During our third day of the American South trip, all of the students explored the High Museum in Atlanta, Georgia and then headed down to the Montgomery section of Alabama, where we explored the historical home sites of Civil Rights leader, Rosa Parks. Throughout the day, we as students were forced to deal with questions of whether or not the remnants of the past have seeped into the present, and if that’s been for better or for worse. In some ways, we visited landmarks and walkways that had quotes which reinforced the ideas of service and black perseverance that the current Black Lives Matter movement harps on; However, we also bussed past areas with old-timey advertisements which propelled the idea of keeping things the way they were and generally ‘not letting those people in’- as in any non-white American or otherwise.

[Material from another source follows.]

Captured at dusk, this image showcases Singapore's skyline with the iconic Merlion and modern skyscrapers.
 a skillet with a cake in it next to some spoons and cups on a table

However, following a nice encounter with two southern men in the Hotel, I was forced to deal with the reality that some folks we meet will be courteous and others a bit more hostile. All of that is a reflection of the history of Montgomery Alabama, not necessarily a reflection of our influence and or impact on it. We have to come in prepared to be shocked and surprised, for better or for worse, as outsiders – only with that can we truly take in everything the city has to offer without our biases dimming our experiences in this historic American city.